【岩政大樹】勝つことで見えたものと見えなくなるもの。パラグアイ戦はワールドカップとは全くの別物だ

2018年06月13日 岩政大樹

パラグアイはミドルパスをことごとくミスしていた

日本の守備が機能したのは、パラグアイのパスミスに助けられた部分もあった。写真:滝川敏之(サッカーダイジェスト写真部)

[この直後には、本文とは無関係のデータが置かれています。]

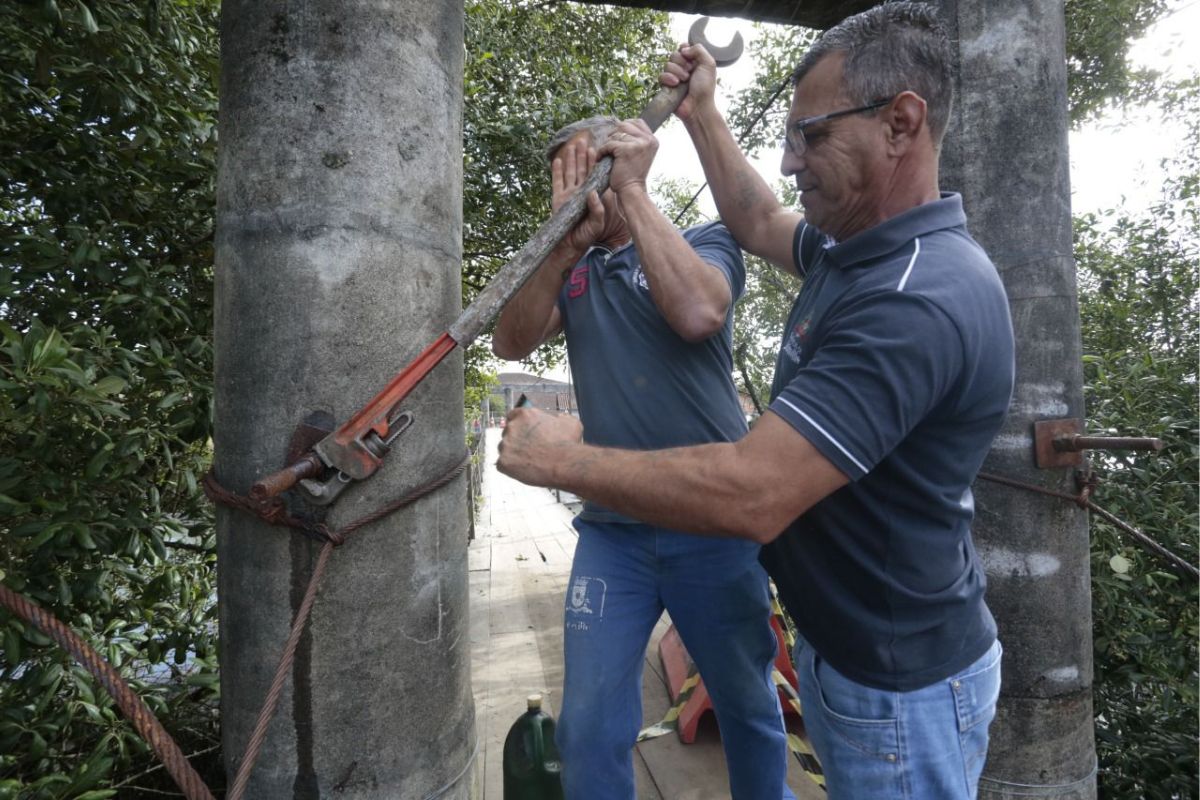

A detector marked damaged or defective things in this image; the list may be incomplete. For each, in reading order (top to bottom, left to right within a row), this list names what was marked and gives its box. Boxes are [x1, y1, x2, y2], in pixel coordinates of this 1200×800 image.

rusty metal bracket [1032, 419, 1161, 470] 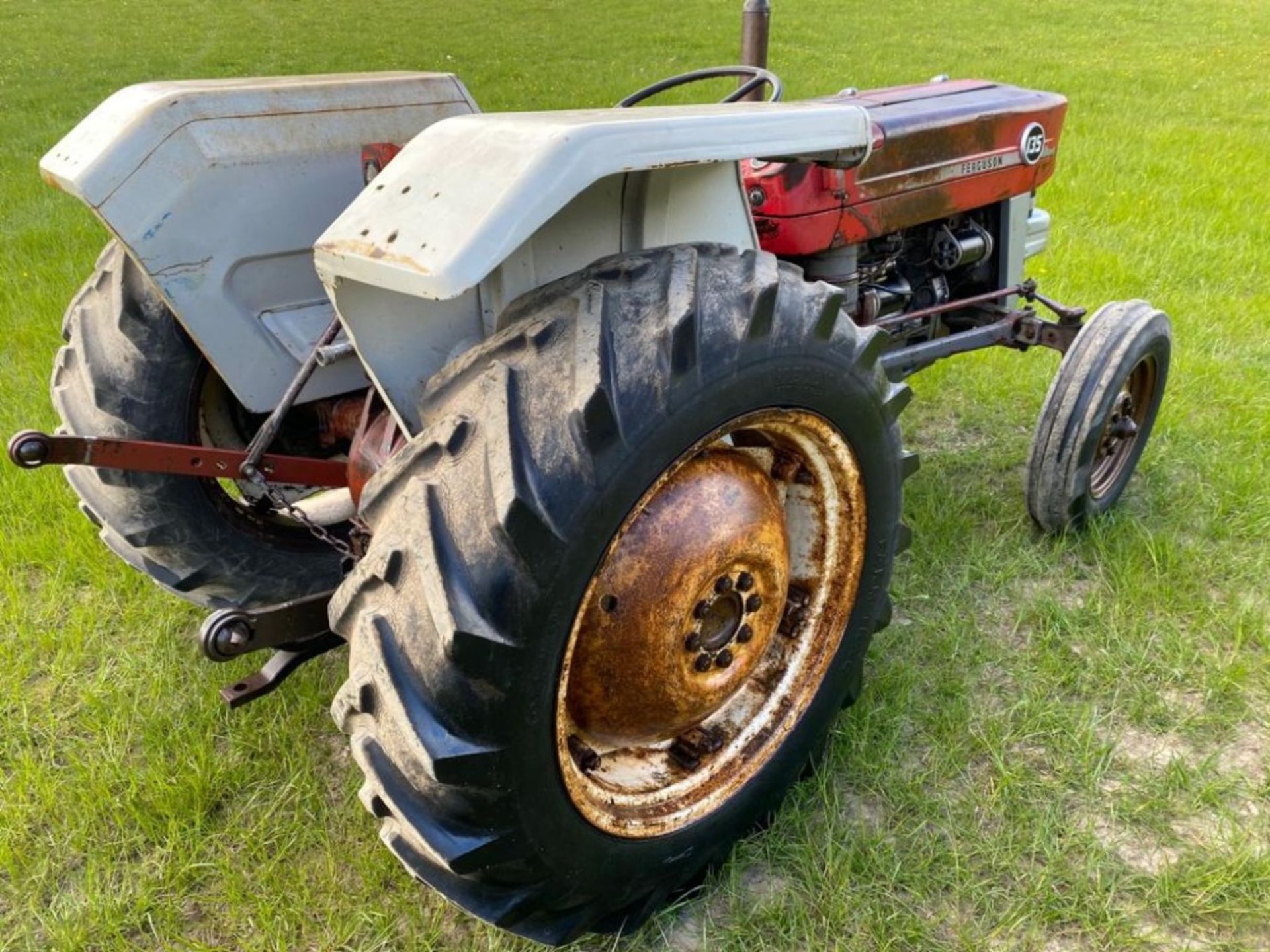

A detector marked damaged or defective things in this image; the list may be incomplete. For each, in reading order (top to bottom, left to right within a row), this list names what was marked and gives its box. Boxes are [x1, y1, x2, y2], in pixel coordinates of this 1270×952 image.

corroded metal [550, 405, 868, 836]
rusty wheel rim [558, 407, 868, 836]
rusty wheel rim [1085, 354, 1154, 495] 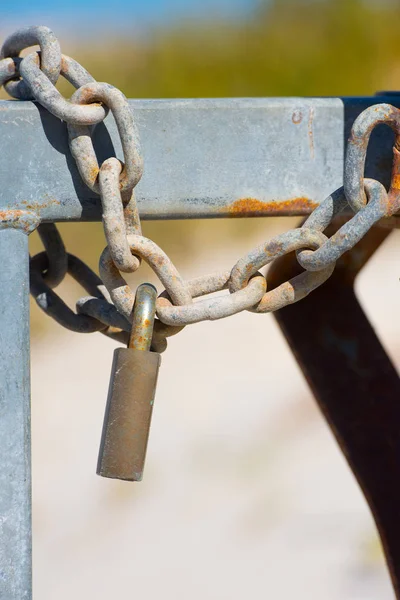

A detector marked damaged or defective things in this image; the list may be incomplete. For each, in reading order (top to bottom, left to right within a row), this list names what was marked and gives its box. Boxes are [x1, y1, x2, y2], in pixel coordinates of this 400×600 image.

rusty chain [1, 24, 398, 352]
rust stain [223, 197, 318, 218] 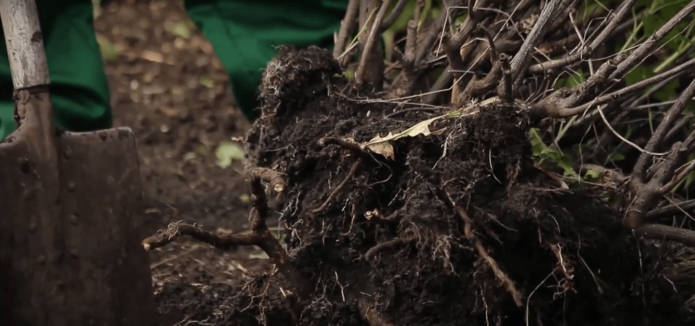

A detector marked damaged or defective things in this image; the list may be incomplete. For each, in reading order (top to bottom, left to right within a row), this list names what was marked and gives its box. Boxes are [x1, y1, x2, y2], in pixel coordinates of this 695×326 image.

rusty shovel [0, 0, 155, 326] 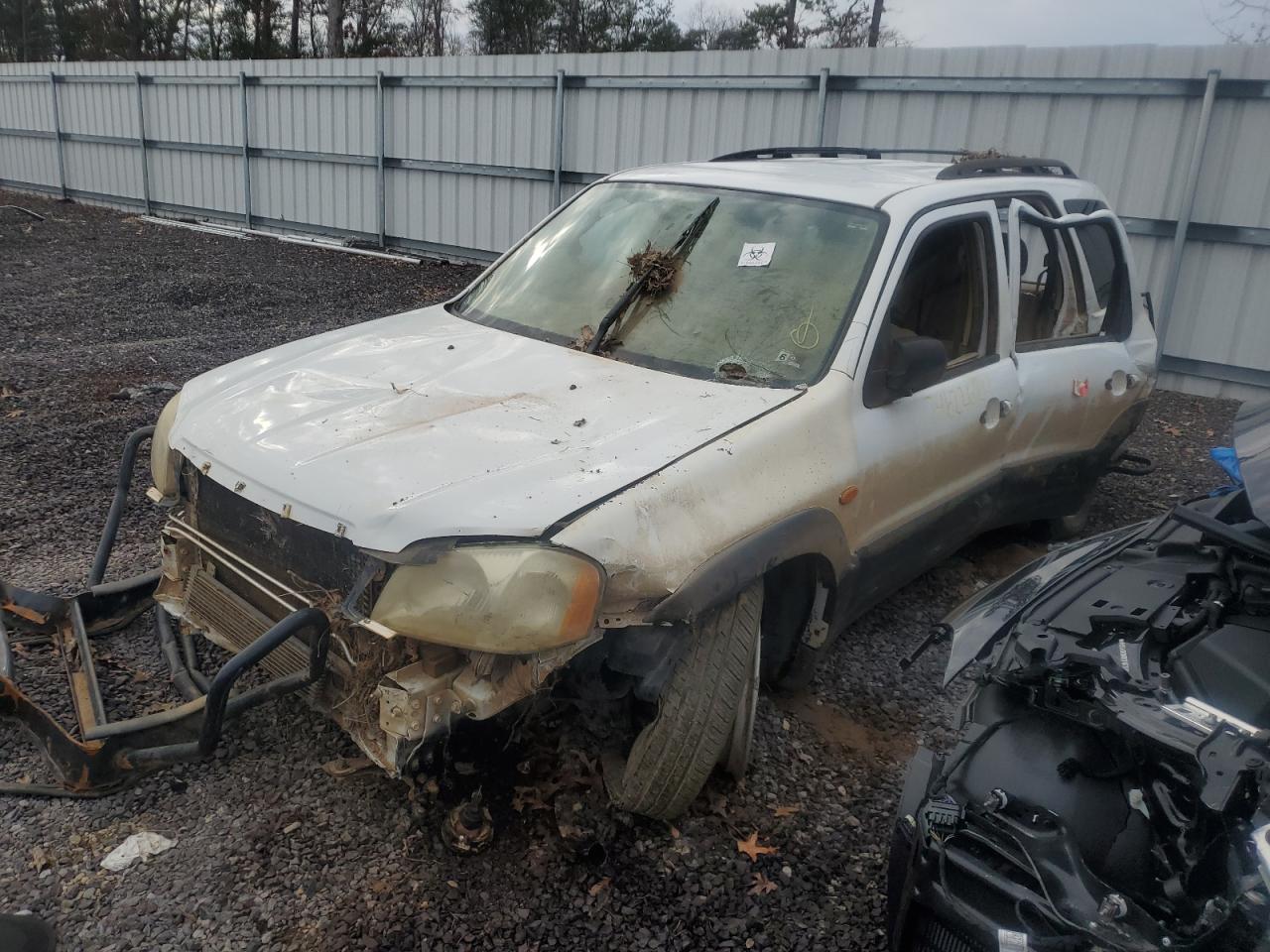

 パラグアイとのワールドカップ前最後の強化試合に勝利し、チームは手応えを得たのでしょう。選手たちの表情が一変したところを見ると、この日の戦いをベースとしてコロンビアとの試合に挑むこととなりそうです。
 
 スタメンを見た時に気になったのは2点。まず、酒井宏樹選手のコンディションです。パラグアイ戦でも後半からの出場となり、この3試合で一度もスタメンでプレーしていないことになります。怪我がまだ完全に癒えていないのが原因だと思われますが、一度も90分間プレーをしていない状況でコロンビア戦に起用するのでしょうか。ワールドカップでは交代は3人しか使えません。ディフェンスラインに交代枠を使いたくないのは明白で、西野監督はどう決断するでしょうか。
 
 もう1点は、ボランチの立ち位置です。柴崎選手が右、山口選手が左でプレーしていました。これが、この試合での他の選手との兼ね合いなのか、ワールドカップを想定したものなのかは分かりません。ただ、これまでパスの配給役としてプレーしていた大島選手は左でプレーしていました。これは想像でしかありませんが、もしかしたらボランチの組み合わせは長谷部選手と大島選手である程度決めていて、そこから勝っていれば大島選手を山口選手に、負けていれば長谷部選手を柴崎選手に変えるプランを描いているのかもしれません。
 
 パラグアイはロシア・ワールドカップ出場を逃していることから、若い選手たちで臨んできました。グラウンド状態が悪かったのもあったと思いますが、ミスが散見され、チームとしても個人としても成熟しているとは決して言えない相手でした。試合の中で、少し立ち位置をずらしたりする工夫こそ見られましたが、精度が伴わず、日本の選手たちが困るような場面は少なかったと思います。
 
 そのため日本は、最初は中盤にブロックを敷き、コンパクトな状況を作ってからプレスに行く狙いで試合に入ったと思われますが、徐々に高めからアプローチを仕掛けていくようになりました。香川選手と岡崎選手は背中でパスコースを切りながら、機を見て相手センターバックにプレスに行く仕事をうまくこなしていましたし、乾選手も徐々に高い位置を取り始めた相手のサイドバックに吊られるのではなく、間を取りながら高めに残って守備をできていました。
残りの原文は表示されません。